The DUP’s main beef revolves around the highly symbolic issue of consent. Mindful of Unionist sensitivities, Johnson negotiated a clause allowing Northern Ireland to extract itself from arrangements partially separating it from the UK in the form of a vote every four years by members of the Northern Ireland Assembly — even if the Assembly, as now, is suspended.
Lord (David) Trimble says this satisfies the Good Friday Agreement, of which he was the principal Unionist architect. Yet Trimble was careful to say the ‘simple majority’ mechanism proposed observes ‘the spirit’ of the precious 1998 accord. That, after all, required ‘cross community’ agreement of any treaty change, with either the unionist or the nationalist bloc within the Assembly able to wield a veto. This is why the DUP has dubbed Johnson’s legislation ‘a betrayal bill’.
Yet the Good Friday Agreement was an international treaty between two countries — with a consent mechanism designed to oversee a vote on whether or not Northern Ireland leaves the UK. These proposed customs procedures are a matter not of national sovereignty but of commercial administration, the movement of goods within the same country — indeed, within the same customs jurisdiction.

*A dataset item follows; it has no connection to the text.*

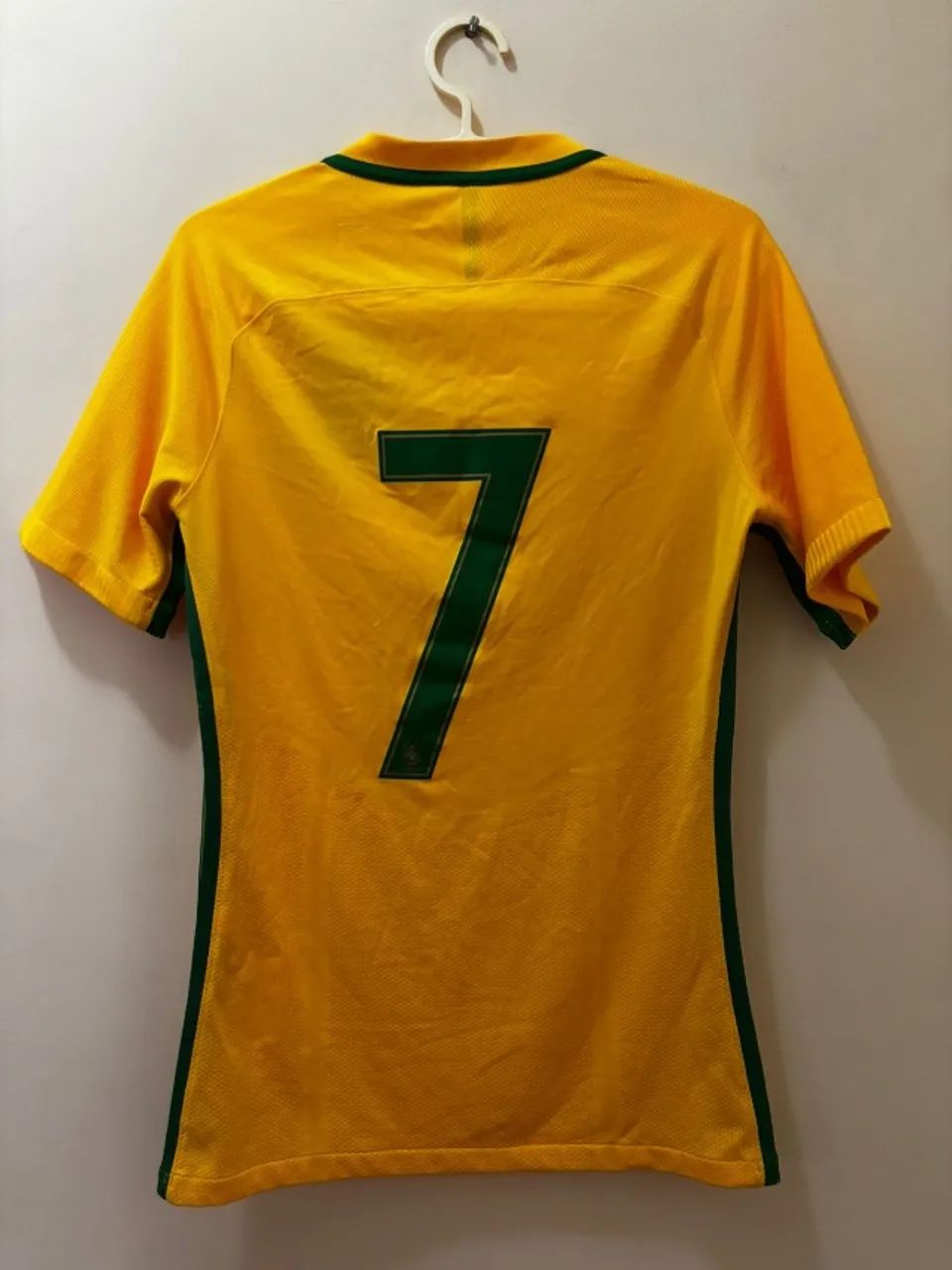 Camisa Brasil 2016 Modelo Jogador Na etiqueta Etiqueta de Lavagem Carimbada - Foto 2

A majority of assembly members elected by voters from across Northern Ireland as a whole is surely sufficient.
There is, of course, widespread resentment among unionists in Northern Ireland, and not only DUP supporters, that Northern Ireland cannot simply be treated like any other part of the UK. Yet it is an axiomatic fact of both history and geography that Northern Ireland is different.
There may be extra administration for those moving goods between Northern Ireland and the rest of the UK but a comprehensive UK-EU free trade agreement would see that largely disappear. Only Johnson can deliver that, and he has much more chance of doing so if Brexit takes place with some semblance of order, maintaining reasonable relations between the UK and EU.
The surest way for the DUP to threaten Northern Ireland’s status within the Union would be to frustrate Brexit. It would lose the backing not just of countless Tories but millions of ordinary ‘middle England’ voters.
Foster’s party is fretting about arrangements that can be changed once Brexit is irreversible. If she pushes too hard and imperils Johnson’s legislation, the most likely outcome is a general election. The Tories look odds-on to win with a majority, which would vaporize the DUP’s influence.